The biggest favour the CofE could do before it goes would be to replace itself with a vibrant institution that champions the benefits of strong Ethics – without requiring people to believe in all the deity baggage …

David Gould
David Gould
3 years ago

England will suffer .. I doubt it ……neither will the rest of Great Britain if it goes down the tubes long with all other religions that are used by a few to impose their views on others & to control them .

I’m of caveman stock , I need to get along with others for an easier life , I need to be able to trust others for a better life . I predate all religions and all such fabricated nonsense .

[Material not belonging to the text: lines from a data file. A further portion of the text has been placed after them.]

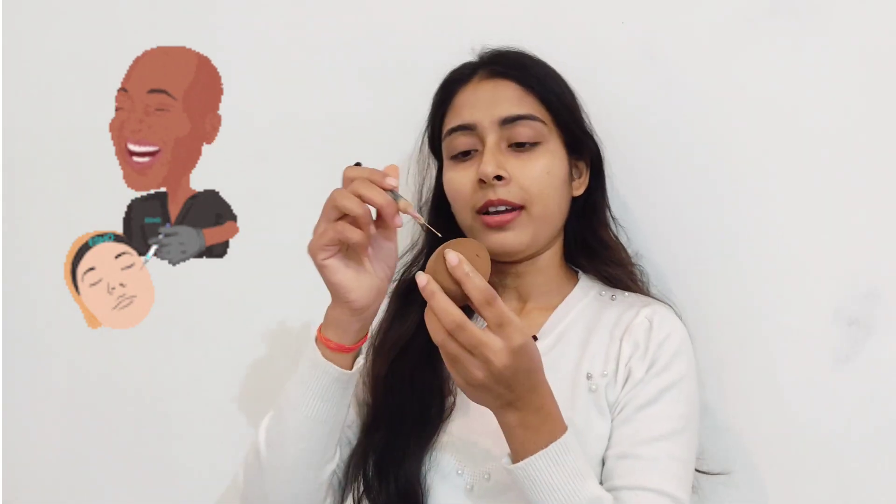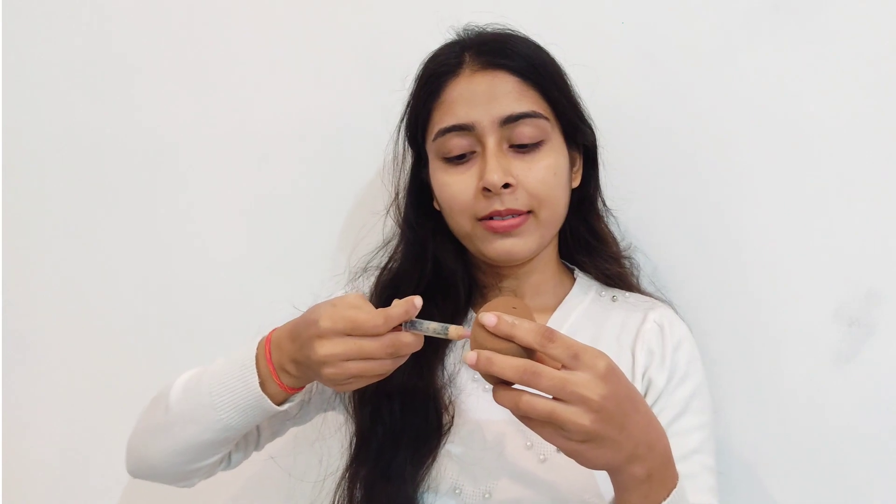Now I put the needle back in. We test whether the foundation can come out through the needle. Finally, you can see it. Now I will apply it to the beauty blender. I put pressure on it — it's going slowly and slowly. Now I will try this hack to see if the foundation comes out or not.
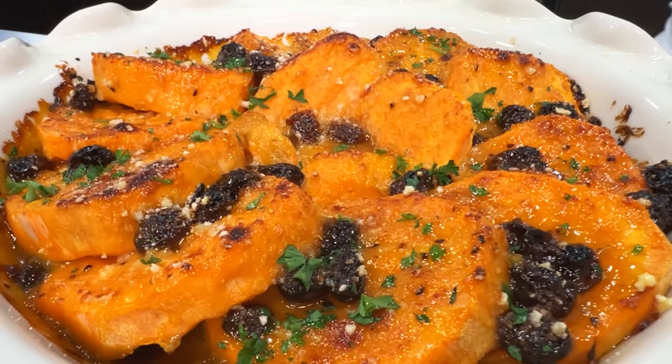Well hello there friends! Very simple recipe today of sweet potato. They got the rum raisin and an orange glaze. Delicious!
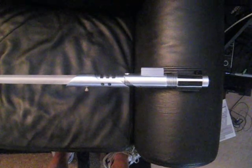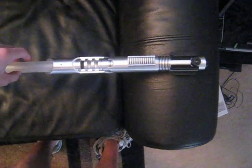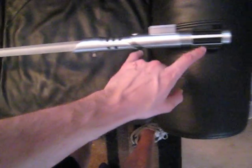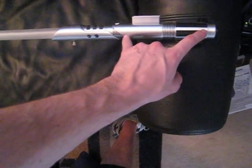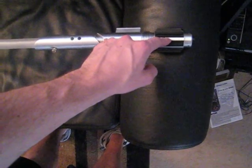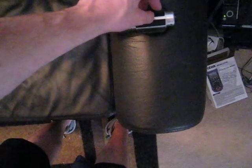Hey guys, this is SaberForge. I'm showing you my prototype soundboard one more time. This time I mounted it inside of a hilt so you could hear it with the resonance. Because this is one of my window styles, the working space is pretty small — it's like six inches. So my resonance is only about a half an inch. It sounds good, but I think with a little more resonance it would sound even deeper. But it does sound a lot better than it did just sitting outside the hilt.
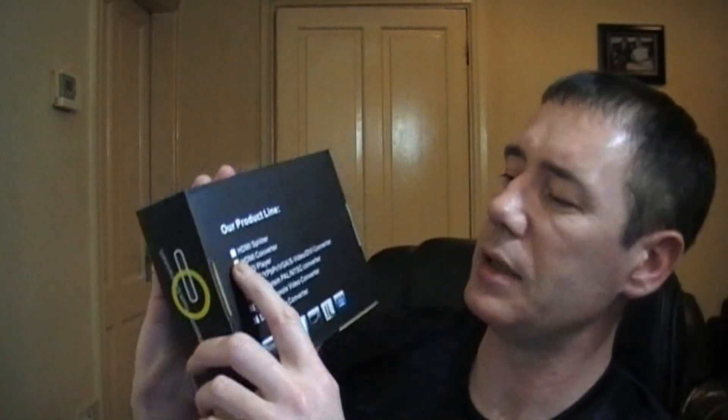On the back they've got a list of their product lines, which include HDMI Splitter, HDMI Converter, HDD Player, CVBS, YPBPR, VGA, Video-DVI Converter, Multi System PAL/NTSC Converter, Game Console Video Converter, and Digital Audio Converter.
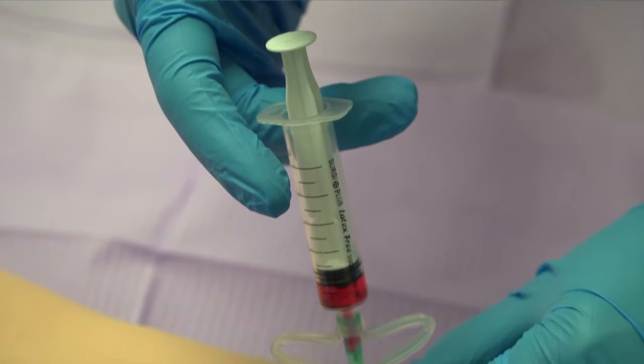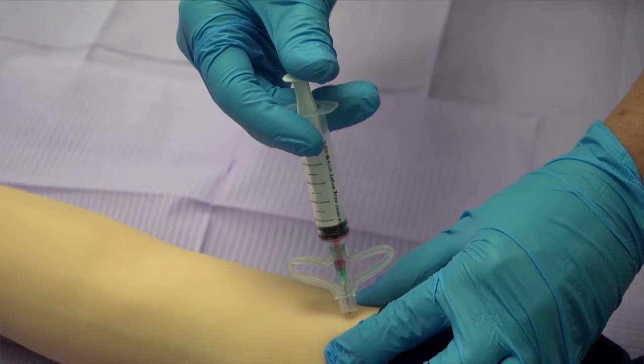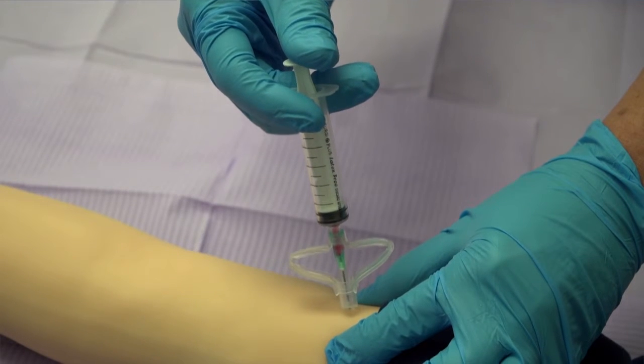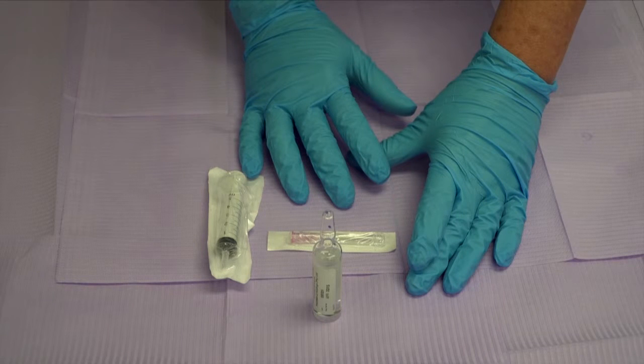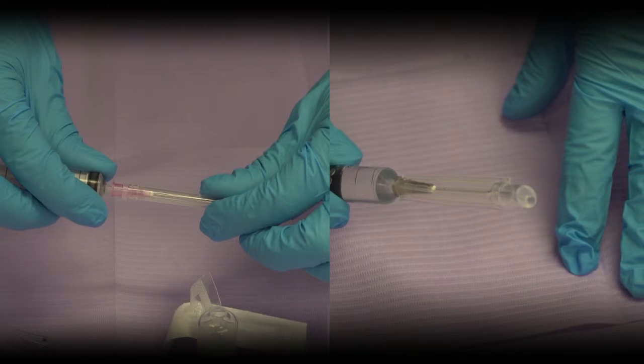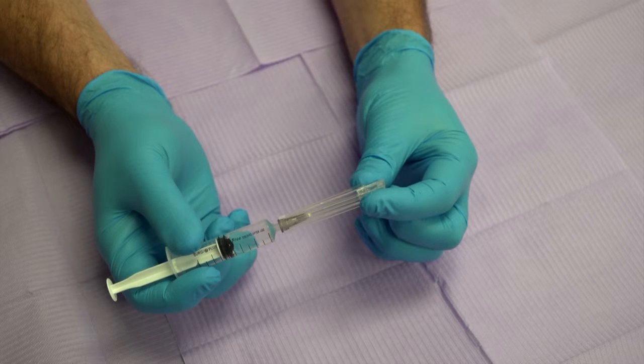Important information when performing an intramuscular injection using a Reflex Safe Safety Needle. Note, it is assumed that the clinician is acquainted with the clinical procedure and is following standard operating procedures. When withdrawing drugs from vials or glass ampoules for an IM injection, a two-needle protocol is recommended. The first needle, preferably a large-bore blunt fill needle, is used to withdraw the medication from the vial. The second needle, used to perform the IM injection, should be a Reflex Safe Safety Needle to protect the clinician from a needle stick injury.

I’m more interested in being the best I can and where I’m heading than beating myself & others up about a few fairy story’s of mythical entities & beasts . .

Kenneth Crook
Kenneth Crook
3 years ago

Is there any evidence of a direct impact (positive or negative) of the CofE and the behaviour of society in the last 50 years? It’s also complete nonsense to suggest that the chruch provides any kind of moral guidance for society. The Bible is unchanging, and changes in societal norms get reverse shoehorned by theologians into Christian teachings. These changes do not come from religion, but rather change the way Christians interpret their faith. Don’t mention it.
I fully accept the importance of the need for strong communities, but are humans really so shallow that they need to structure it around a sky fairy? I think we can do better, and this kind of handwringing by otherwise intelligent people (who surely can’t really believe the stuff they hear) doesn’t help us get there.

Andrew McGee
Andrew McGee
3 years ago

If the best argument you have for the preservation of Anglicansim is the one made in this article, then it will be no loss at all to the 21st Century.

In fact, the disappearance of religious belief (not the same thing as the disappearance of specifically Anglicanism, I know) will be very welcome. It can’t come soon enough for me, and I do not at all think that we shall regret it.

williamritchie2001
williamritchie2001
3 years ago
Reply to  Andrew McGee

You won’t get rid of superstition by getting rid of faith. I prefer a committed Anglican to a committed Communist.

cephh72
cephh72
3 years ago

Hear, hear; even if I am neither English nor Anglican. Rather, I was raised to honor SCIENCE (hush, hush, genuflect), even if it told my teenaged self we’d freeze in 20 years and my current self that we’re roasting ( a lot of other things as well on which it “changed it’s mind”, suggesting it isn’t quite worthy of being the fancy Latinate term for “knowledge” that it cranks itself up to be). Indeed, the 20th century alone killed more people in the names of scientific progress and soial justice than suffered for heresy in 15 centuries between Constantine and Joe Bonaparte closing down the Spanish Inqisition.